I’m working on an awesome plugin to help other devs instrument their gradle builds ( https://github.com/jakeouellette/inspector/ ). I’m interested in pulling out the inputs and outputs from tasks (e.g., when you set their @Output and @Input annotation), but I was struggling to figure out where this state is exposed.
The output files are accessible from the TaskOutputs object, but the inputs and outputs don’t seem to be in that object. I imagine that when you annotate a parameter with @Input, it’s adding it to a list of parameters in some caching service, but the codebase seemed totally opaque to me.
Not sure what other kind of output you are referring to other than the files. As for inputs, you can get input properties from Task.getInputs().getProperties() and input files from Task.getInputs().getFiles().
Ah, this makes sense, I somehow missed the getProperties.
I blame it on the fact that getProperties is also a groovy idiom… Out of curiosity, any idea of this violates Liskov Substitution principle anywhere? (e.g., getProperties() returning the annotated @Input objects, not the TaskInputs’ getter properties?)
Anyway, for some reason, I was imagining that tasks could have non-file outputs, so that other tasks could depend on those outputs explicitly, but I realize now the API doesn’t have this facility.
I’m not quite certain what you mean by “TaskInputs’ getter properties”. Quite simply the annotation handler for @Input simply calls task.inputs.property() and getProperties() returns the Map (with some type coercion going on).
I’m more of a Java / Scala dev, historically, so feel free to correct my assumptions here:
My understanding is that all Groovy objects have been provided additional properties via DefaultGroovyMethods and GroovyObjectSupport.
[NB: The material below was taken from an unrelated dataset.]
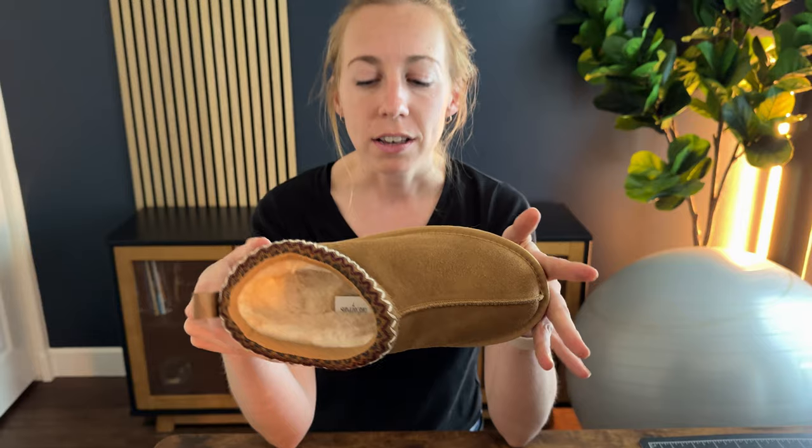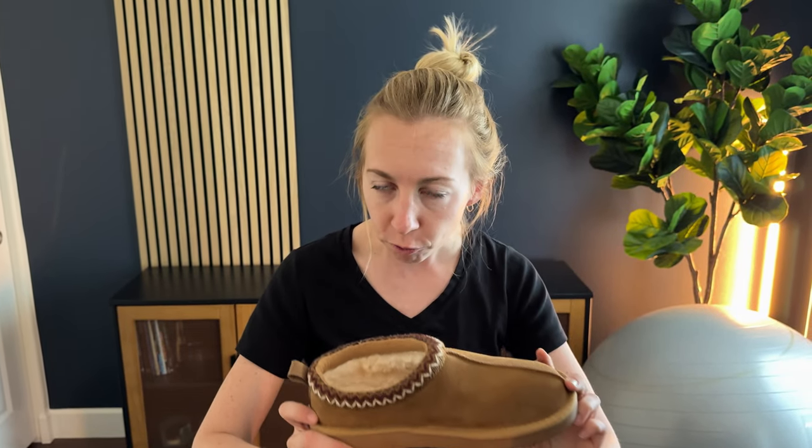These are a size 7. I typically wear a 7 or 7.5 and these fit me perfectly. I was wearing them without socks. If I was to wear a thick sock I might want to size up a half size, but without socks these work really well. In general with these types of shoes the fluff does tend to get squished down as you wear them, so the 7 is perfect for me even though sometimes I go 7 or 7.5.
They all have a getProperties method and setProperties method which both have semantic meaning.
Yet, inside TaskInputs, getProperties is overridden with a different implementation which maintains a Map<String, Object> in memory. The implementation follows pretty closely with the internal implementation inside groovy’s libraries, except when you get to getProperties(). GetProperties actually checks each property for whether or not it’s a closure, and evaluates it if it is. Assuming the closure is side-effect free, the only difference is it’s returning the return value of the closure / callable, which, I think, means the subclass has different return value semantics from the base class. (E.g., if some Groovy library depended on checking a property it just set, it’d break on this code). This is probably super minor, because it’s internal, but I thought I’d throw out the observation.
FWIW, if the property is a closure that is NOT side effect free, every time you request access to the inputs, it has the potential to do weird things. You have to maintain in your head knowledge about how the collaborator will use this class, which increases code complexity
We aren’t overloading anything in this case. TaskInputs defines a method getProperties(), whereas the GroovyObject interface defines the a method getProperty(String s).